Pink Liquid Knockout Drug: Chloral Hydrate
Experts say there is a pink-colored drug that could have knocked out Kari Tupper, and it would not have been detected by the hospital tests conducted on her urine afterwards.
Two other women also have told The Times that they were made unconscious or woozy by a pink or reddish liquid served to them by Adams. They had no drug tests.
The prescription drug is called chloral hydrate, and at the time of Tupper's alleged incident with Sen. Brock Adams in 1987, it was sold as a pink, sticky syrup called Noctec, according to a spokesman for Bristol-Myers Squibb, the company that made the drug.
Chloral hydrate has been used as a sleeping potion and sedative for a hundred years, and when mixed with alcohol it is what is known as a Mickey Finn.
"This is your classic knockout drop, the classic Mickey," said Dr. Robert Willette, a Maryland drug-abuse consultant who once headed the chemical program at the National Institute on Drug Abuse.
Although chloral hydrate is no longer popular on the market, it is still available.

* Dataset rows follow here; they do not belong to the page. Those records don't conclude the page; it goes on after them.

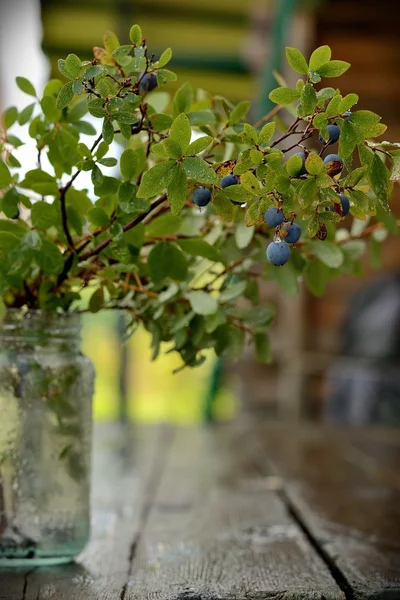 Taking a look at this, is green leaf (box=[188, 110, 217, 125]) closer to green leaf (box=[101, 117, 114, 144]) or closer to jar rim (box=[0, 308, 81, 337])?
green leaf (box=[101, 117, 114, 144])

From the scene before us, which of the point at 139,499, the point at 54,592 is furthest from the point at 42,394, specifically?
the point at 139,499

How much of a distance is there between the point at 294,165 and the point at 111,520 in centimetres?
59

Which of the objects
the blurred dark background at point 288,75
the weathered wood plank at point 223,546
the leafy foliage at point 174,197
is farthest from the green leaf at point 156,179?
the blurred dark background at point 288,75

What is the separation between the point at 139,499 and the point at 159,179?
0.71 metres

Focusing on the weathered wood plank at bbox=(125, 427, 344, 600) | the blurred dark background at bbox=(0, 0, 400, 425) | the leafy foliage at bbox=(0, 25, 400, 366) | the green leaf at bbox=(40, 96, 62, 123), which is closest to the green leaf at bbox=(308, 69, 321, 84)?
the leafy foliage at bbox=(0, 25, 400, 366)

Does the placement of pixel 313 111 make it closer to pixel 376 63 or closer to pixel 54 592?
pixel 54 592

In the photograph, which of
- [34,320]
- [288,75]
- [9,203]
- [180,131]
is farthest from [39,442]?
[288,75]

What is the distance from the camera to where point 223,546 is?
777 mm

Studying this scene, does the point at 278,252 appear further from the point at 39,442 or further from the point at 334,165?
the point at 39,442

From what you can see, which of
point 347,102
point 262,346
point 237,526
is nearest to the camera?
point 347,102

Chloral hydrate produces a byproduct in the body called trichloroethanol, a substance that resembles alcohol but is much more powerful, sort of "like a super alcohol," said Pat Friel, a forensic toxicologist for the state of Washington.

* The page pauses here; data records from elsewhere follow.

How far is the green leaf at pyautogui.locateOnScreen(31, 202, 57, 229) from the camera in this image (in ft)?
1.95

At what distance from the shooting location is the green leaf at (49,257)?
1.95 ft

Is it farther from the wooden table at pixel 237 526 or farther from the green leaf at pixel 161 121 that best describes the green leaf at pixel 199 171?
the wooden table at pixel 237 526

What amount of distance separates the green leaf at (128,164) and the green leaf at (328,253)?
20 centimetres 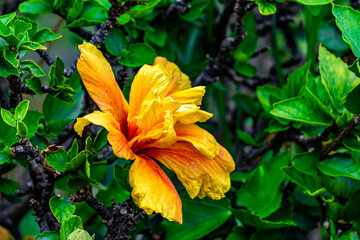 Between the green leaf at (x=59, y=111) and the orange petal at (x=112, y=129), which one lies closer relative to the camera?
the orange petal at (x=112, y=129)

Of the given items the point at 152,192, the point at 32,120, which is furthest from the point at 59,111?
the point at 152,192

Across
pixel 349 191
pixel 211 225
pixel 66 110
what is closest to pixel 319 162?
pixel 349 191

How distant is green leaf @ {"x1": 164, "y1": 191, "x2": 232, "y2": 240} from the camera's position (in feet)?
2.87

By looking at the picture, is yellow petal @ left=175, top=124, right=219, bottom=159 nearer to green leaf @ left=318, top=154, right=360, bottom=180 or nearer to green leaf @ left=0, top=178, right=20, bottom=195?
green leaf @ left=318, top=154, right=360, bottom=180

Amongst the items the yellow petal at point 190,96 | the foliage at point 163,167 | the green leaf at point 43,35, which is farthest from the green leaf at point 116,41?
the yellow petal at point 190,96

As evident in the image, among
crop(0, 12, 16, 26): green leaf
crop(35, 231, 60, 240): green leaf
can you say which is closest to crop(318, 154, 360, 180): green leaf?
crop(35, 231, 60, 240): green leaf

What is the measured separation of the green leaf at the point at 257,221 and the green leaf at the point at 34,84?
400 mm

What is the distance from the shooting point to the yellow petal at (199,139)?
25.5 inches

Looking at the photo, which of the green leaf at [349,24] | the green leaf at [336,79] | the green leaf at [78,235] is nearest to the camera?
the green leaf at [78,235]

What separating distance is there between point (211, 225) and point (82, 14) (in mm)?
457

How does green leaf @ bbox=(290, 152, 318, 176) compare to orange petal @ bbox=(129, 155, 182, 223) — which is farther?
green leaf @ bbox=(290, 152, 318, 176)

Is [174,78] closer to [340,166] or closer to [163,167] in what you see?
[163,167]

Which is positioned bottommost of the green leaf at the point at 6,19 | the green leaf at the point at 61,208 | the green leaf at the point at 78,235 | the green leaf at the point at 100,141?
the green leaf at the point at 61,208

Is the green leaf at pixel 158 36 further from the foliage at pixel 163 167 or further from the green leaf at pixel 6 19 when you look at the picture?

Trichloroethanol can't be detected using the drug-screening methods that were applied to Tupper's urine at the Arlington Hospital in Arlington, Va., in March 1987, a little more than 12 hours after she says she ingested the drink.

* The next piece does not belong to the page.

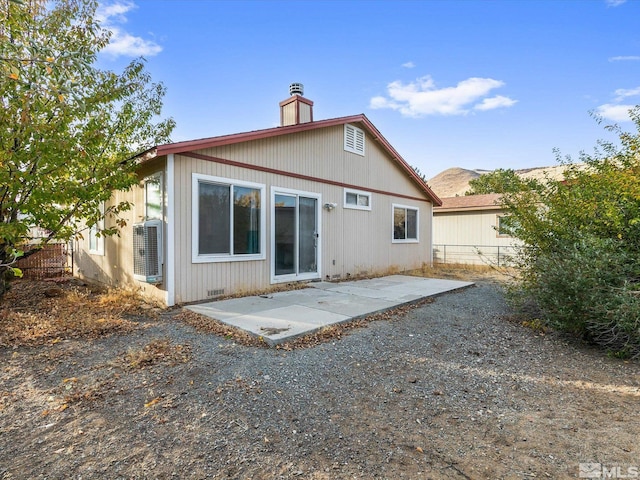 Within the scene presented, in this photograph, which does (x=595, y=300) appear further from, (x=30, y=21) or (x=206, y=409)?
(x=30, y=21)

Hospital records show that Tupper was not tested for trichloroethanol or chloral hydrate. And according to Tupper's attorney, Jeff Robinson, the screening tests that were used on Tupper's urine included an immunoassay test designed to detect certain commonly abused narcotics and a more general examination known as a "thin-layer chromotography." Representatives of the companies that manufacture these tests say they aren't designed to detect chloral hydrate.
Most hospital emergency rooms limit their urine tests to what was done in Arlington, says Dr. Arthur Zebelman, a clinical chemist at the Laboratory of Pathology in Seattle. They don't look for chloral hydrate unless they've been given a reason to do so, he says. Almost nothing will pick up the drug except a "spot test" designed for it, or a more complex, expensive and time-consuming general test called gas chromatography, he says.
When emergency rooms handle a poison case, doctors don't usually have time to conduct extensive tests, and they don't really need them since most poisoning cases are treated with similar techniques.
Playing around with chloral hydrate can be dangerous. An overdose can induce a coma, says Dean Forbes, a spokesman for the Poison Control Center at Children's Hospital and Medical Center.
Two other women say Adams gave or tried to give them pills. One says she saw what appeared to be a ground-up pill in a glass of wine Adams handed her. She didn't drink it. Another says Adams gave her two pills he described as vitamin C tablets, but when she felt "strange" later she suspected they were a narcotic.
It's hard to say what those pills might have been, say experts, because there are so many possibilities.